By Kim Robson:
We’re all familiar by now with the concept of farmers’ markets: growers and food producers sell their wares directly to the consumer, cutting out the middleman. Consumers can personally meet the people who produced their locally-grown food, ensure its quality and freshness, and eliminate wasteful packaging, all in a community-oriented outdoor setting. Fresh, locally caught fish can be found at some high end farmers’ markets, but that fish is being sold by a middleman, someone who wasn’t personally on the boat catching the fish, but instead is selling discards from wholesalers.
San Diego has opened California’s first (of soon to be many) “fishermen’s markets.” Called the Tuna
Harbor Dockside Market, it works under the same concept as a farmers’ market, where growers sell directly to consumers, only in this case fishing boats dock at a certain pier once a week, and along the length of the pier are covered stalls with ice-packed displays and water-filled aquariums. The public can buy the freshest possible fish right off the boat, directly from the person who caught it.
There were initially no laws in place to set up this sort of operation, so new legislation had to be written. Other famous fishermen’s markets — in San Francisco or Pike Place in Seattle — are connected to restaurants with all of their sanitary standards in place. Enter county supervisor Greg Cox, who worked with market vendors, government agencies, and California Assembly speaker Toni Atkins to craft new legislation, using Tuna Harbor as a testing ground. The result was Assembly Bill 226, aka the “Pacific to Plate” law, which took effect statewide on January 1st, 2016.
AB 226 designates fishermen’s markets as food facilities, allowing vendors to clean fresh fish on-site, sell whole fresh fish in an open-air environment, and organize under a single permit.

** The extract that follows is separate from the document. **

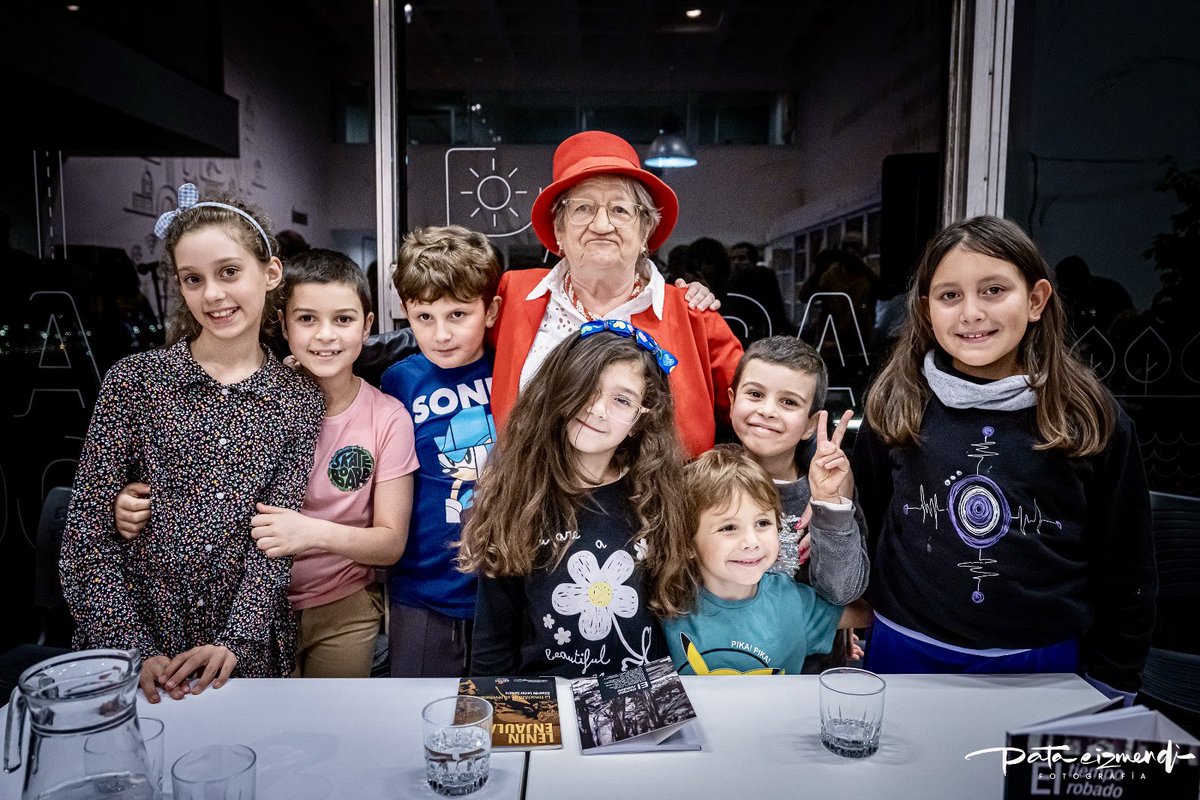 El linaje de Glenda.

The dockside market is environmentally sustainable, too, catching a diverse variety of fish. The boat owners communicate and cooperate to avoid overfishing any one species and to avoid targeting only the highest priced species for wholesalers. “The guys that are here regularly are starting to talk to one another,” says Pete Halmay, a 74-year-old sea urchin diver. “One will say, ‘I’m going out for black cod,’ and then another will say, ‘Then I’ll go after rockfish.’ They’re figuring out how to bring in different fish so they’ll sell it all, and adding more variety to the market. It’s not only cooperation in broadening our target species, it’s finding those that we otherwise wouldn’t even catch. We’re not going to bring in 100 tons of anything because we’re going to bring in what locals can buy, which naturally means you’re harvesting less.”
Theresa Talley, a coastal specialist at the Scripps Institution of Oceanography, adds, “We’re trying to encourage consumers to be more adventurous — stray away from your salmon, go down to the docks and try something new. Broaden your choices. Go home with a whole fish, try a new recipe. The underlying philosophy is that each of us, in our role along the supply chain, has the power to contribute to a sustainable seafood system. That includes increasing the persistence of natural resources and the livelihoods of those that bring us seafood, and the availability of fair and healthy food for everyone.”

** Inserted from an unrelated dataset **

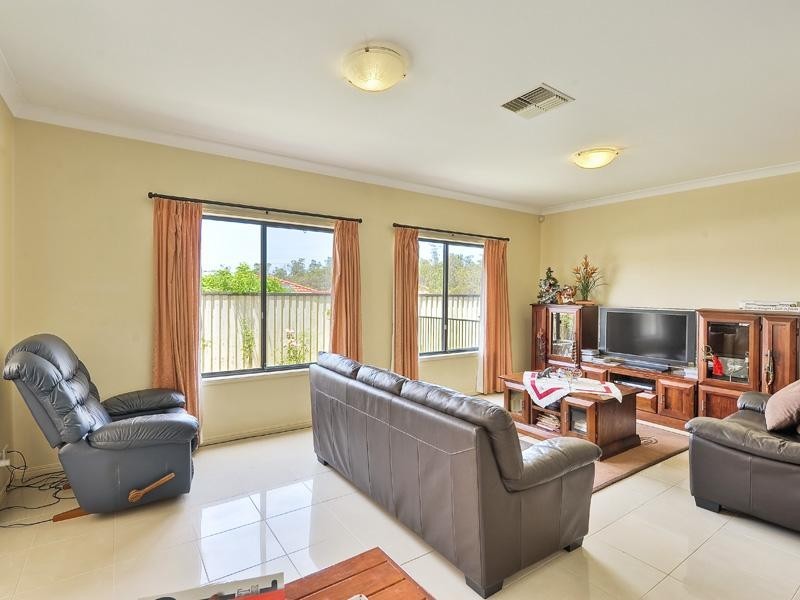 94 Silky Oak Crescent, Carindale QLD 4152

By cutting out the middleman, fishermen are able to make a better profit selling directly to local consumers instead of wholesalers, or shipping their catch overseas. They learn the demands of the local marketplace, further refining and broadening what they catch. The economic benefits serve to attract a wider variety of fishermen to the market. Soon there will be other fishermen’s markets cropping up all along California’s Pacific coast. In San Diego County alone, serious interest is forming for other fishermen’s markets in Mission Bay and Oceanside.
At the Tuna Harbor Dockside Market, located at the north end of Seaport Village, one can find whole and filleted tuna, rockfish, cod, swordfish, mackerel and more in bins of ice. Because many people won’t buy a whole fish, not knowing what to do with it, there’s a filleting station there, so customers can buy a whole fish and have it transformed into recognizable cuts. Halmay always has sea urchins and a tank full of live crabs. Another stall sells cans of locally caught tuna. The market is open every Saturday between 8:00 a.m. and 1:00 p.m.